(RECORDED INFORMATION)

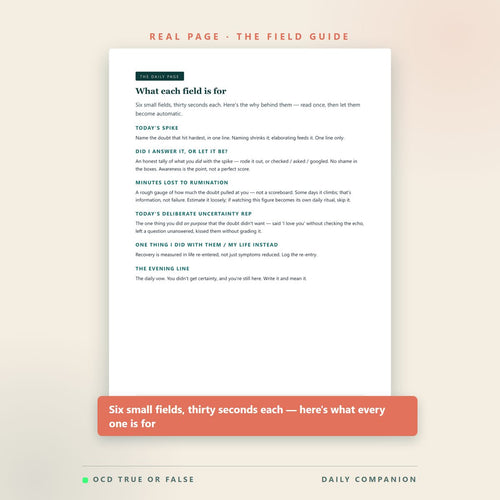 The 90-Day ROCD Journal — inside pages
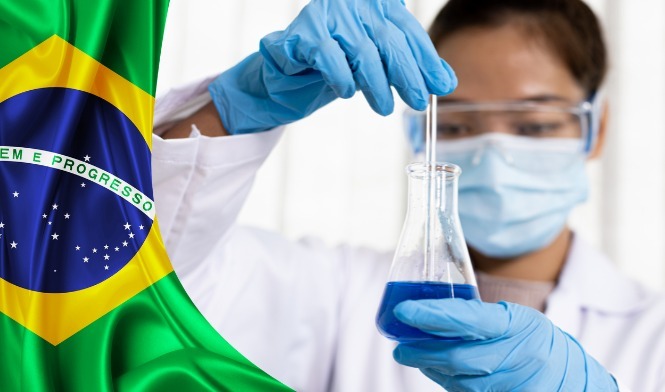 Imagem ilustrativa sobre Pesquisadores Brasileiros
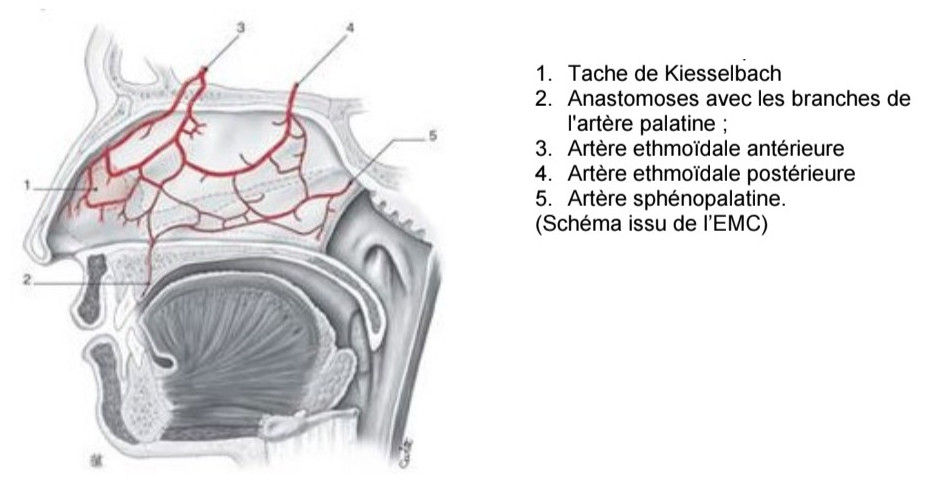 Schéma anatomique Vascularisation du nez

(End RECORDED INFORMATION)

- WORK TO BE COMPLETED
Restate every line of the listing exactly. Pictures are not part of the copy.

- SOLUTION TO THE PROBLEM
 The 90-Day ROCD Journal — inside pages
 Imagem ilustrativa sobre Pesquisadores Brasileiros
 Schéma anatomique Vascularisation du nez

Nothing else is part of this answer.